When battle dragged on, Vikings sent in the berserkers to smash through enemy lines. The elite warriors reportedly took performance-enhancing drugs to up their rage. And though the 19th-century stereotype of Scandinavians in horned helmets is a myth, some modern TV shows about Vikings capture the atmosphere of a battle's front lines. There are many accurate details on the TV show Vikings, though the series does have to edit out some Viking tactics too brutal for television.
Viking warriors on the front lines did not always comprise men. Shield-maidens also fought in Viking raids and battles. According to Viking records, Viking leader Lagertha commanded a band of 120 ships of warriors. When her ex-husband Ragnar Lothbrok faced near-certain defeat in a fight, Lagertha sailed to his rescue, launching a surprise attack on the enemy from behind. Lagertha's ambush reportedly caused Ragnar's opponents to panic.
Shield-maidens also purportedly fought while disguised in men's clothes. Thus, they were sometimes indistinguishable from male warriors.

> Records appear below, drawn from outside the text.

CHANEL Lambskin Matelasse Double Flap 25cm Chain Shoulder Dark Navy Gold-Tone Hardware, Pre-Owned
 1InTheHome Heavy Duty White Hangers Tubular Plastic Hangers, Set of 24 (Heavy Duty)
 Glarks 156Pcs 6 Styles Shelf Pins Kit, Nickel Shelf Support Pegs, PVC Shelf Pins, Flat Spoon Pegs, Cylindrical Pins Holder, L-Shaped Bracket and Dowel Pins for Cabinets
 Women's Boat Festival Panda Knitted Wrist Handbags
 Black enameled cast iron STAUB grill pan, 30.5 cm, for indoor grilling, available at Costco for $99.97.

Spears created terrifying chaos during Viking battles. Viking spears were almost 10 feet long, but their reach extended even further. The fiercest warriors could throw their spears across the battlefield to target far-off enemies. Skilled warriors could throw two spears at once, with one in each hand. Some warriors were reportedly able to catch a spear in flight and turn it back toward their enemy.
Because spears were the most common weapon used during Viking battles, fighters weren't safe anywhere within throwing distance.
During a battle, an elite group of warriors protected the Viking chief. They were known as the hird, which derives from a term for family or household. The hird was like a family to the chief, protecting his life with their own. These bodyguards did not only work on the battlefield. They defended the chief at all times, day and night.
Viking chiefs chose the best warriors from powerful families to serve as their hird. Wealthy and skilled chiefs might have as many as 60 hirdsmen protecting them on the battlefield.
The front lines of a Viking battle would vary depending on the size of the fight. In smaller raids, particularly feuds between families, the clash might involve only a few dozen warriors. Larger battles meant entire Viking armies stared each other down. The biggest Viking armies contained between 4,000 and 7,000 men.
While the men were adept combatants, not all of them were full-time warriors. Viking fighters often went home to work as farmers, craftsmen, or merchants - if they survived the battle.